Incorporating model into another C++ project (Linux)

jarnold1 · November 11, 2022, 4:37pm

Hi, I am using a combination of different sensors as input data to a model that is meant to run very quickly (within 1ms). The target device is a BeagleBone Black microcomputer running Debian GNU/Linux 10 (buster). There is already a large codebase (C++) that reads in sensor data and uses that sensor data to control a robot, and I’m looking for feedback or examples of the best way for me to incorporate a model trained on the Edge Impulse website into this project.

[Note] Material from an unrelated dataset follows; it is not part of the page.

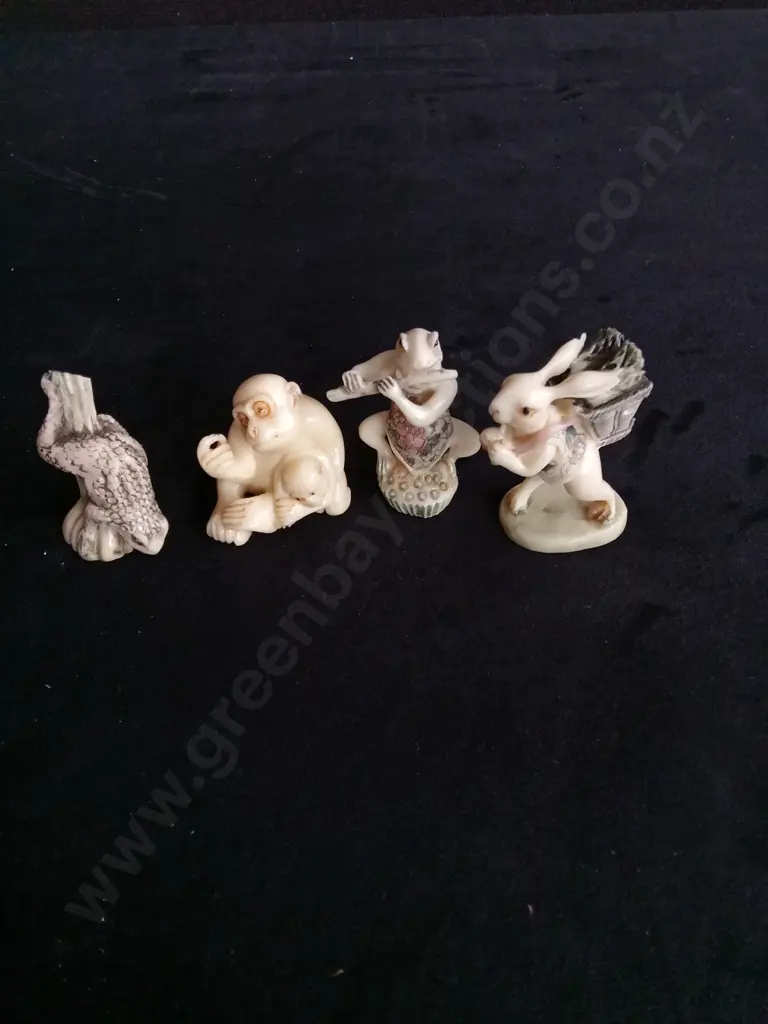 4 VINTAGE CHINESE CARVED ANIMAL FIGURES Image 1++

The pipeline for collecting and logging sensor data already exists on C++ codebase on the BeagleBone, so I used that pipeline and then uploaded the datafiles to the the Edge Impulse studio and trained a model, which in Edge Impulse Studio shows the inference can run at 1ms (my target speed). The next few integration steps I did I’m not sure if they are the ideal ones for implemented the model into my project on the BeagleBone to test in realtime:

I exported the model to a C++ library. However, I also looked into selecting the “Linux Board” option, but wasn’t sure. Which of these options is recommended given my hardware and goal of implementing the model into a pre-existing codebase?
I then compiled the C++ library on the BeagleBone, following the steps here: As a generic C++ library - Edge Impulse Documentation. I slightly modified this so that I can read in a data file with the input data and then the compiled app outputs the model results. One thing that is not ideal about this step is that the compilation is very long. I can see that many of the files included in the library are ML operations that I don’t need for my model (e.g., depthwise conv takes a long to compile, but I’m not using it). Is there a way to speed this up, or a different method of compiling it?
Finally I call the compiled app from the pre-existing C++ codebase. The aspect of this implementation that I like is that I do not need to recompile the model with the C++ codebase. I can test the model by itself with data I’ve collected before, or I can run it with real-time data. However, I feel that by calling the compiled model and reading the output, I may be adding additional time needed for each inference. Is there a better way to integrate the model into the C++ codebase?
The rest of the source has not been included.